Serum HE4 and CA125 as predictors of response and outcome during neoadjuvant chemotherapy of advanced high-grade serous ovarian cancer

医学 揭穿 肿瘤科 内科学 卵巢癌 化疗 生物标志物 上皮性卵巢癌 浆液性液体 队列 癌症 生物化学 化学
作者
Tuulia Vallius,Johanna Hynninen,Annika Auranen,Olli Carpén,Jaakko Matomäki,Sinikka Oksa,Johanna Virtanen,Seija Grénman
出处
期刊:Tumor Biology [SAGE]
卷期号:35 (12): 12389-12395 被引量:53
标识
DOI:10.1007/s13277-014-2553-1
摘要

Human epididymis protein 4 (HE4) is a novel tumour marker in epithelial ovarian cancer (EOC).
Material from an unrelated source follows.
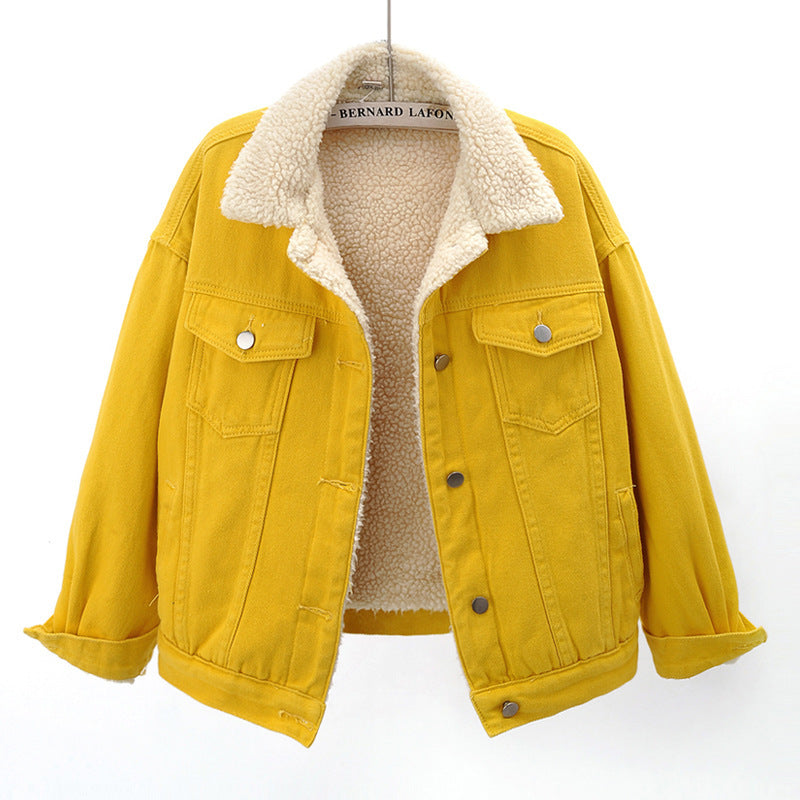 Lamb Wool Thickened Plus Velvet Denim Jacket Women Lamb Wool Thickened Plus Velvet Denim Jacket Women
Data on its profile and predictive potential for subsequent outcome after neoadjuvant chemotherapy (NACT) are still under investigation. The aim of this study was to compare CA125 and HE4 profiles with radiologic response after NACT and to evaluate their potential as predictors of clinical outcome in a primarily inoperable EOC patient cohort. Twenty-five EOC patients of high-grade subtype (HGSC) treated with NACT were enrolled in the study. Serum HE4 and CA125 samples were taken at the time of diagnosis and before interval debulking surgery (IDS). Pre-NACT and pre-IDS HE4 and CA125 and their percentage changes were compared with NACT response seen on CT and surgical outcome in IDS. We also evaluated the biomarkers' abilities to predict platinum-free interval (PFI), progression-free survival (PFS) and overall survival (OS). All 25 patients were considered inoperable in laparoscopy at the time of diagnosis. HE4 and CA125 changes during NACT did not correlate with the changes seen on CT. Surgical outcome in IDS was associated with pre-IDS biomarker values but not with those taken before diagnosis. In IDS, 87 % had <1-cm residual tumour. In patients with HE4 change >80 and <80 % during NACT, the median OS was 3.38 and 1.60 years (p = 0.01), respectively. Serum HE4 is a promising additional tool when evaluating advanced HGSC patient's response to NACT. It may be helpful when deciding whether to proceed to IDS or to second-line chemotherapy.